Exercise instructions →
From the listing that follows, reproduce only the lines from the one holding "Custom Print Commercial" through the one holding "Dikey Çevir ok", both included, with no pictures.

Supplied records →
========================================

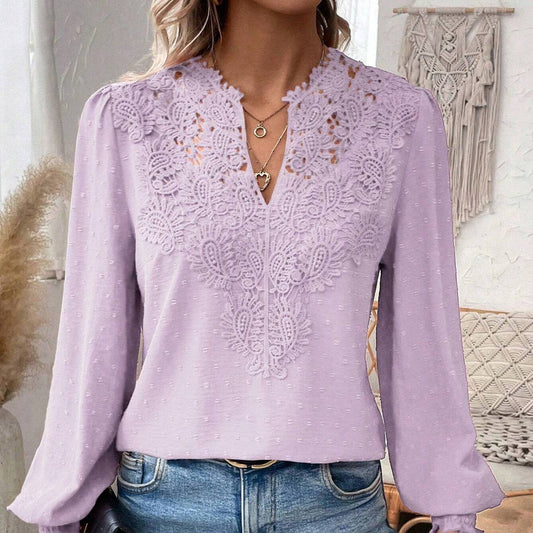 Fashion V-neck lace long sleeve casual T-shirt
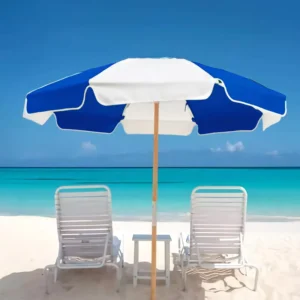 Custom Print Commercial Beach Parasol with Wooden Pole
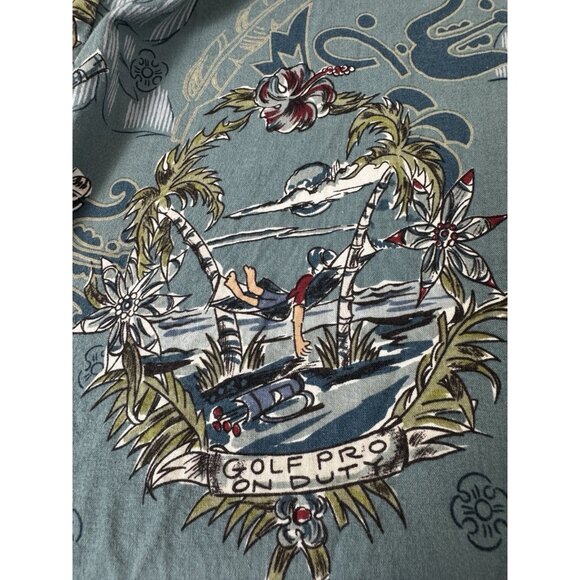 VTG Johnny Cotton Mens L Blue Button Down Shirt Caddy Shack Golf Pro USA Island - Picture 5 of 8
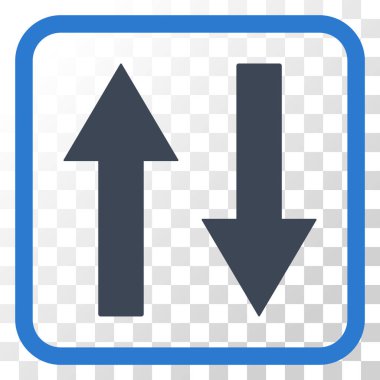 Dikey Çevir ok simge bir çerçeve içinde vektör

========================================

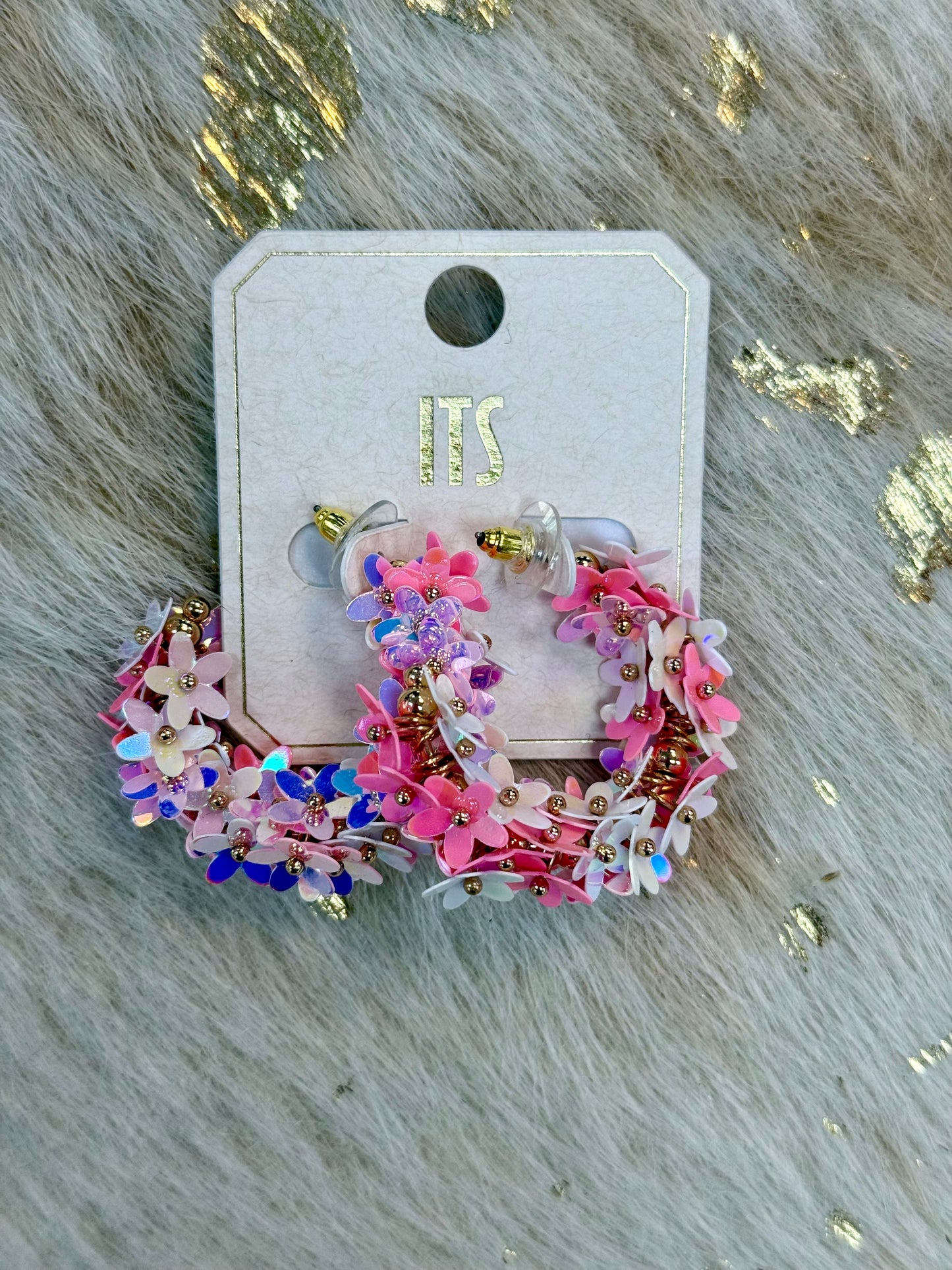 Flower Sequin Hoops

========================================

Solution to the exercise →
 Custom Print Commercial Beach Parasol with Wooden Pole
 VTG Johnny Cotton Mens L Blue Button Down Shirt Caddy Shack Golf Pro USA Island - Picture 5 of 8
 Dikey Çevir ok simge bir çerçeve içinde vektör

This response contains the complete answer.